TASK ITEM -
Below are some records. Quote exactly the lines from the one that contains "海南三亚的亚龙湾景点附近有什么好吃的" through the last, both included, and leave out the pictures.

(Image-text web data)
========================
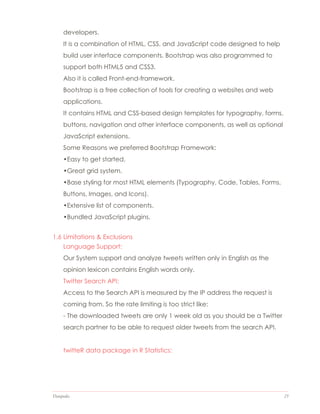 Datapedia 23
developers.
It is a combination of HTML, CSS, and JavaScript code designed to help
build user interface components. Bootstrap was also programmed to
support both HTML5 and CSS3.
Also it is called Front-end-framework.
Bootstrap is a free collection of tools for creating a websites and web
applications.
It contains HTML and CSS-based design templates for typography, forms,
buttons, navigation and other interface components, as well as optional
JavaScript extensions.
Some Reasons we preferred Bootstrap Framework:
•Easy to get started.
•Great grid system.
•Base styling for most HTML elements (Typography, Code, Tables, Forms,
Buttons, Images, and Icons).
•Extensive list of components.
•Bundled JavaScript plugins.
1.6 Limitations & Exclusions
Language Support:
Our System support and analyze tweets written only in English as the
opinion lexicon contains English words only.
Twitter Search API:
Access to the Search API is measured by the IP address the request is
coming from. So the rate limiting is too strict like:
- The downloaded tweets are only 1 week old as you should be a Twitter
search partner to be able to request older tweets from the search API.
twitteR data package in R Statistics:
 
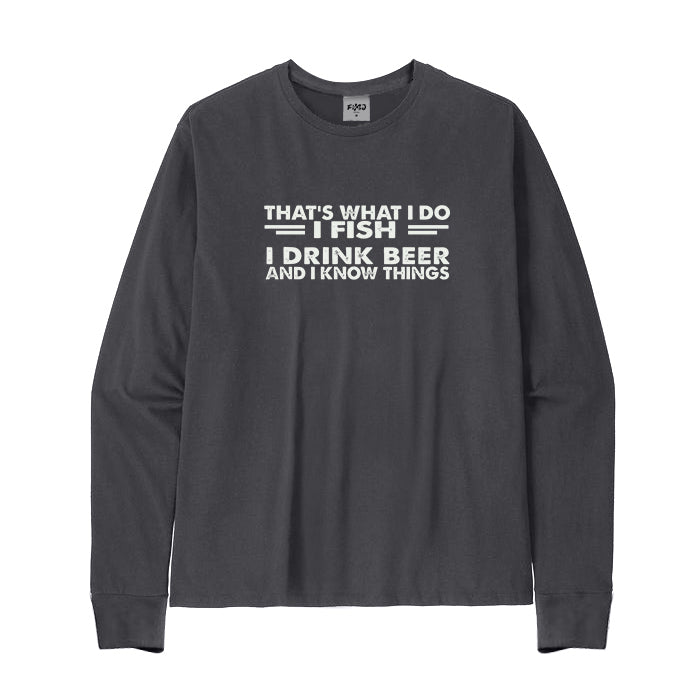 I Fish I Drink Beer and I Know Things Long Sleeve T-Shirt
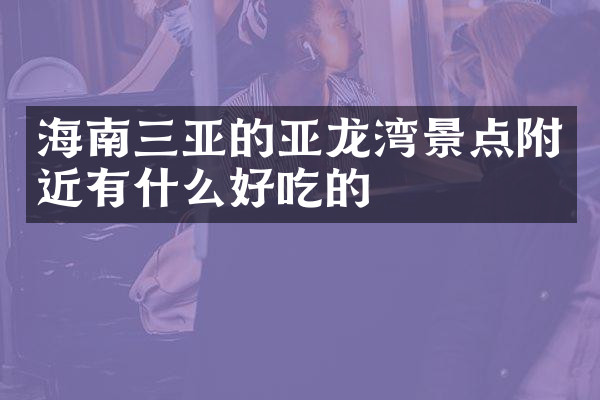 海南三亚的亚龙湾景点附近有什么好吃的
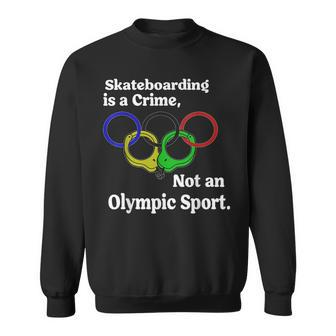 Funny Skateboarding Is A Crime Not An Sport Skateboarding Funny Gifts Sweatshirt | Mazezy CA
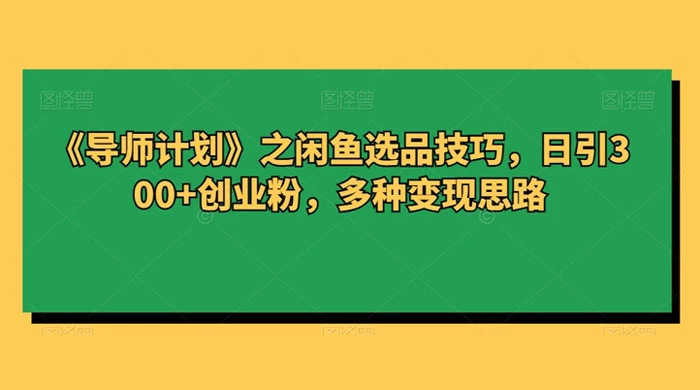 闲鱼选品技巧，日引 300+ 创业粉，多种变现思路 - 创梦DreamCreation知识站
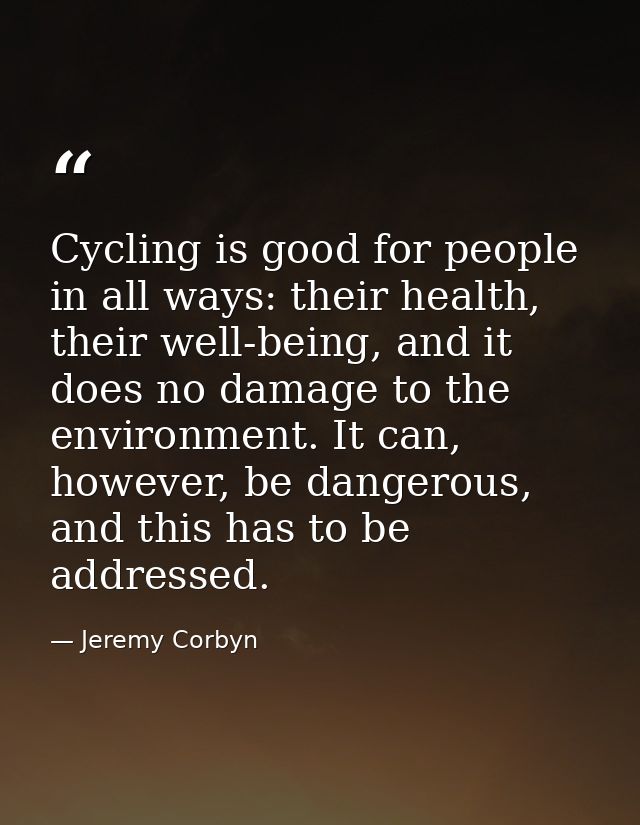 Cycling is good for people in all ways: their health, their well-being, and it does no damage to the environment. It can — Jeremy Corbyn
========================
TASK ANSWER -
 海南三亚的亚龙湾景点附近有什么好吃的
 Funny Skateboarding Is A Crime Not An Sport Skateboarding Funny Gifts Sweatshirt | Mazezy CA
 闲鱼选品技巧，日引 300+ 创业粉，多种变现思路 - 创梦DreamCreation知识站
 Cycling is good for people in all ways: their health, their well-being, and it does no damage to the environment. It can — Jeremy Corbyn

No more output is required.